Problem to solve -
Copy exactly the lines from the one containing "Laamei Brand Men" through the last line of the records below, including both, and leave out any pictures.
──────── Stored data ────────
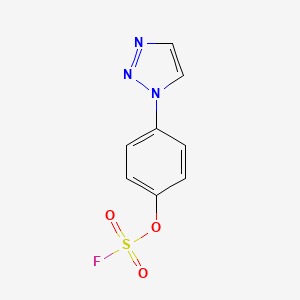 molecular formula C8H6FN3O3S B2723481 1-(4-Fluorosulfonyloxyphenyl)triazole CAS No. 2411298-96-7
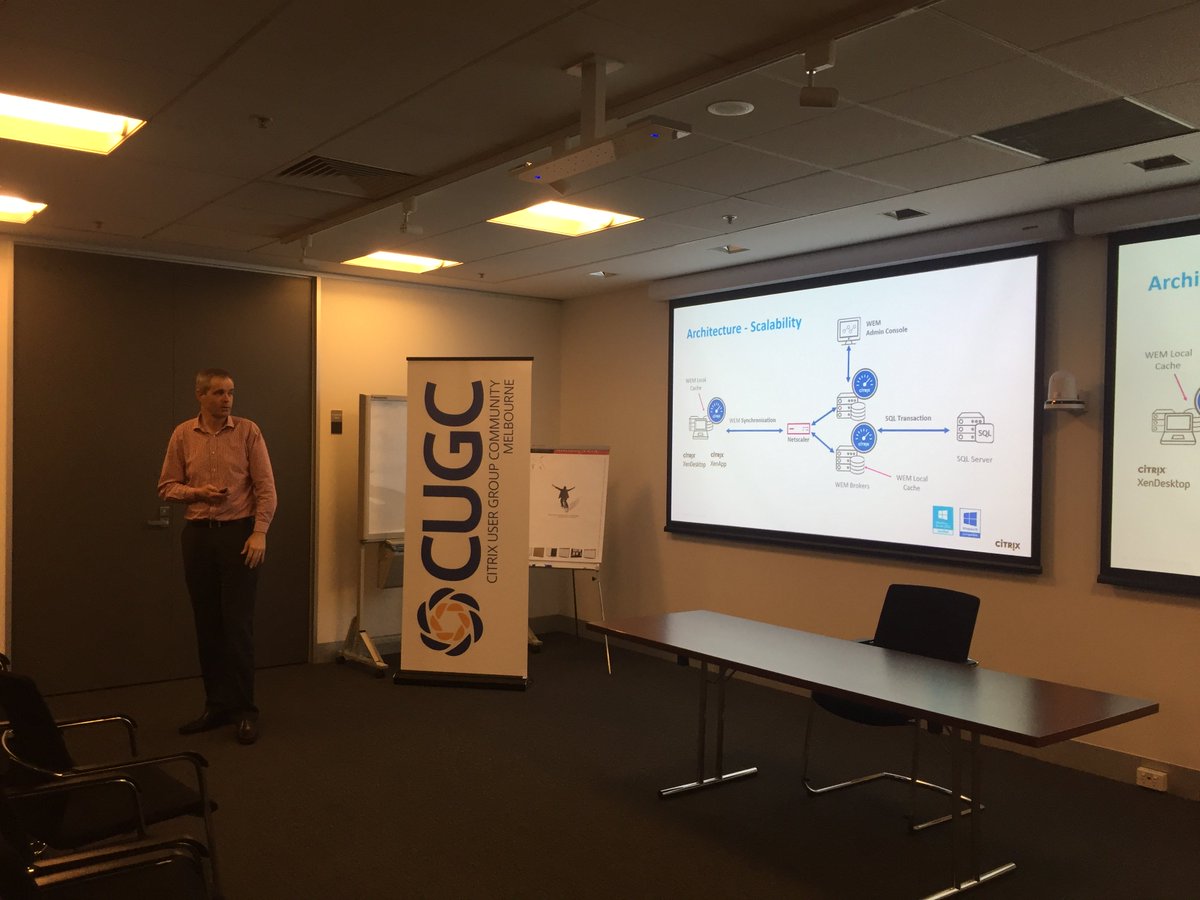 MCUGC's tweet photo. Christian talking #WEM at #myCUGC Melbourne https://t.co/Uh97Rw2eJS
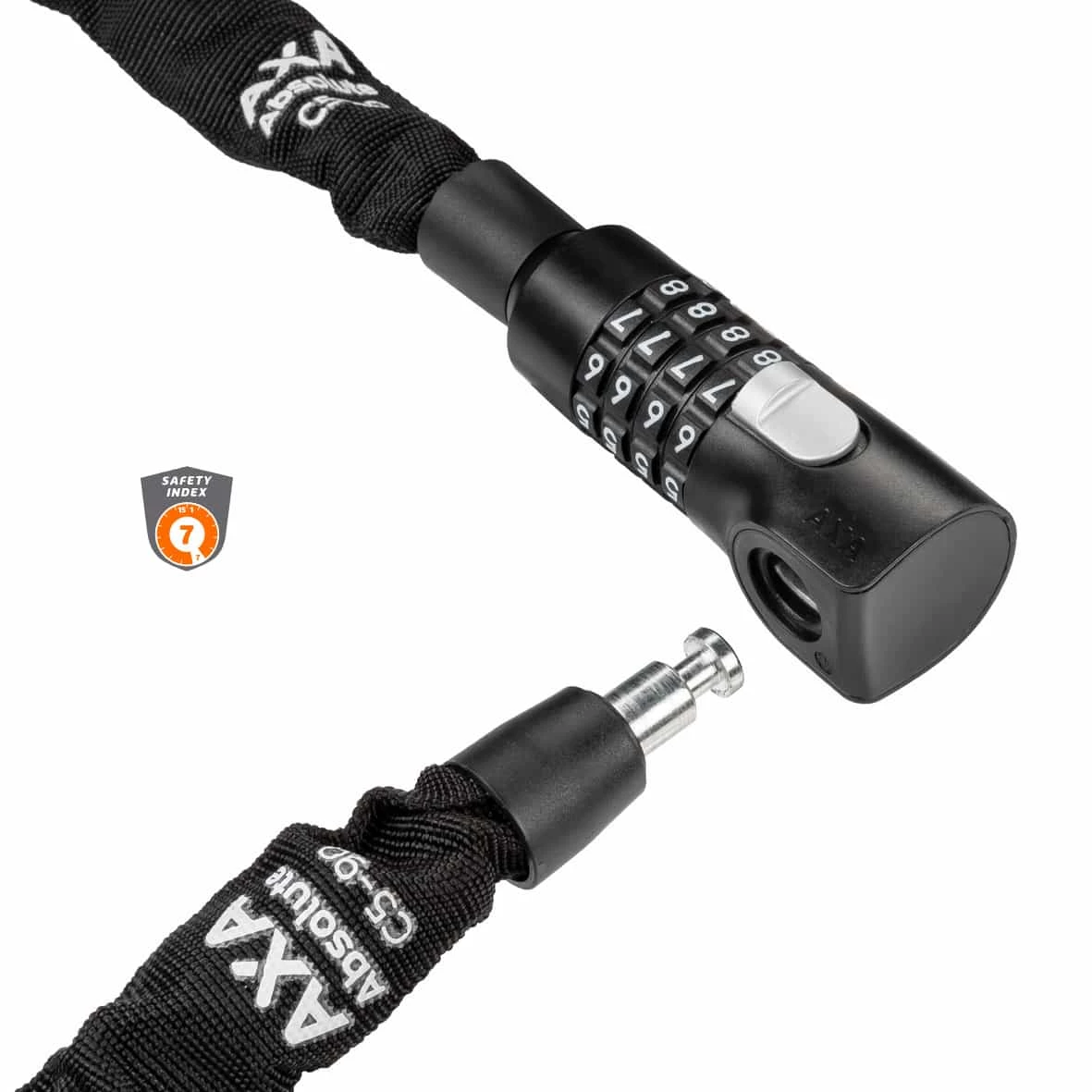 AXA Absolute C5-90 Fahrrad-Kettenschloss – Hochsicherheitsschloss für Fahrräder 2 AXA Absolute C5-90 Fahrrad-Kettenschloss – Hochsicherheitsschloss für Fahrräder – Bild 2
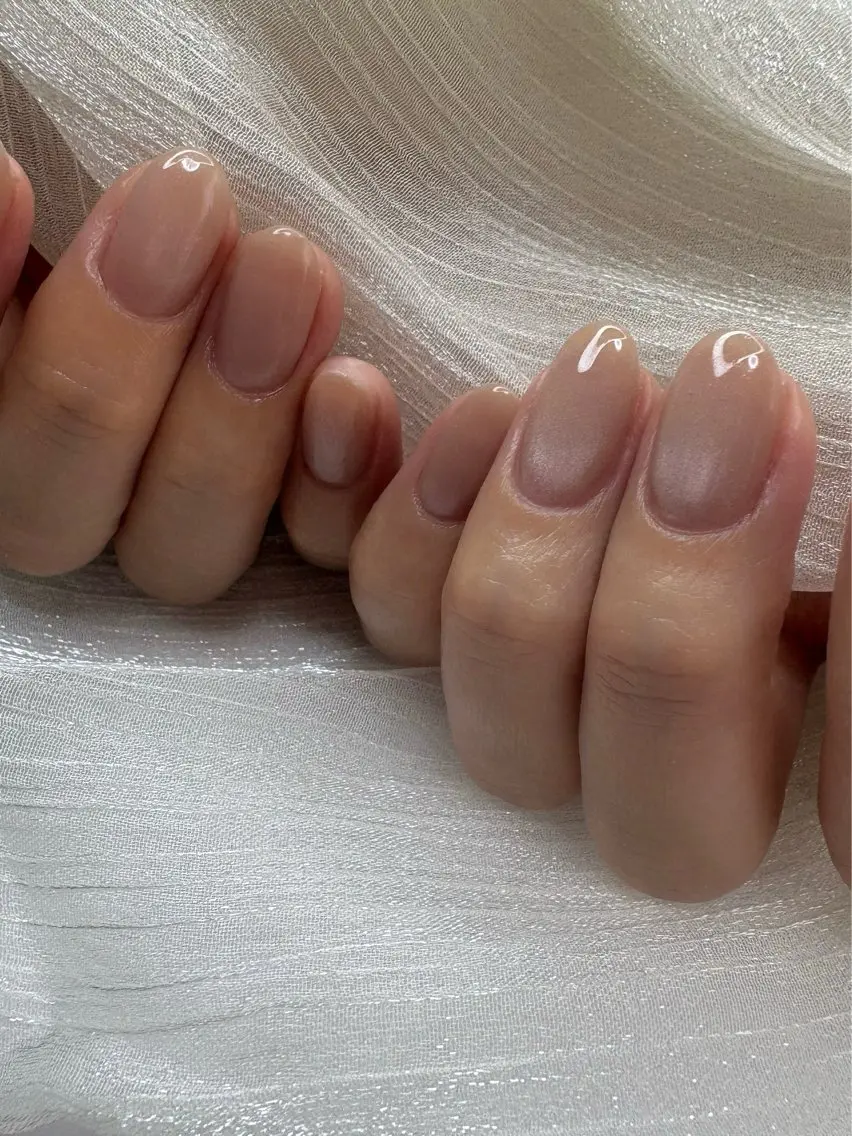 ネイル マグネットネイル オフィスネイル シンプルネイル ハンドネイル nail salon minthのネイルデザイン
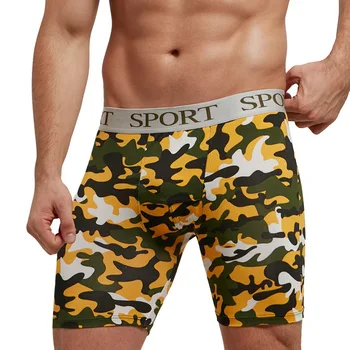 

Laamei Brand Men Boxershorts Male Pants Solid Shorts Men Underwear Boxers Mesh Breathable Cueca Tanga Comfortable Underpants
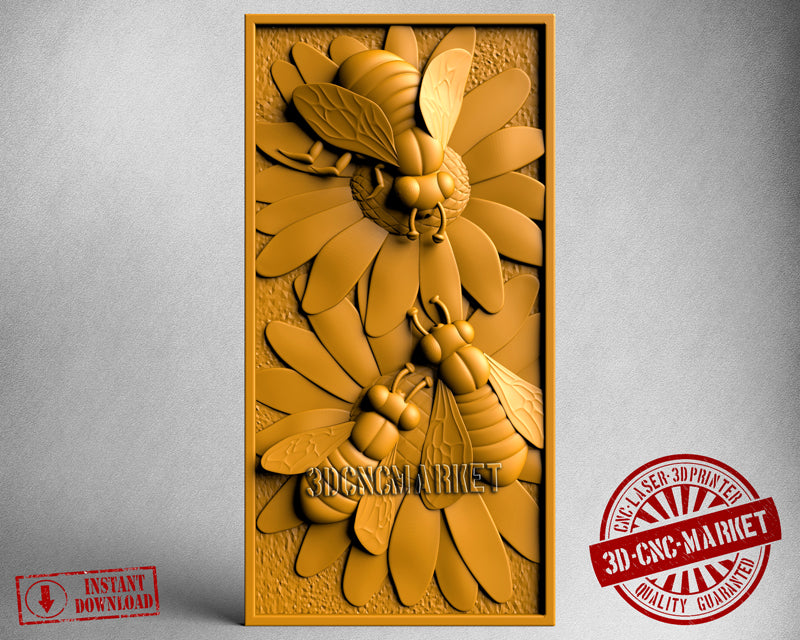 Bees, 3D STL Model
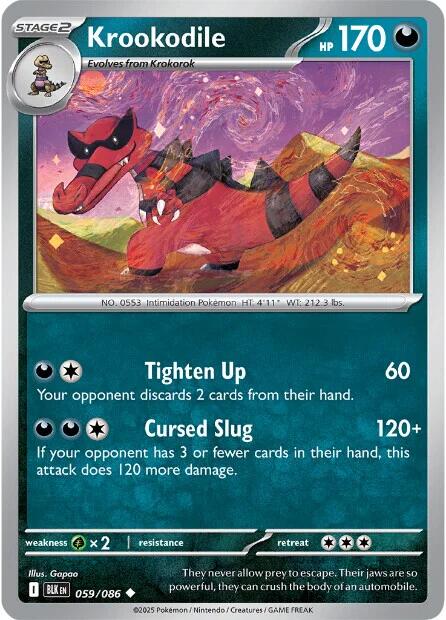 Krookodile [059/086] [Black Bolt] Reverse Holofoil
────────
Response to the task -
Laamei Brand Men Boxershorts Male Pants Solid Shorts Men Underwear Boxers Mesh Breathable Cueca Tanga Comfortable Underpants
 Bees, 3D STL Model
 Krookodile [059/086] [Black Bolt] Reverse Holofoil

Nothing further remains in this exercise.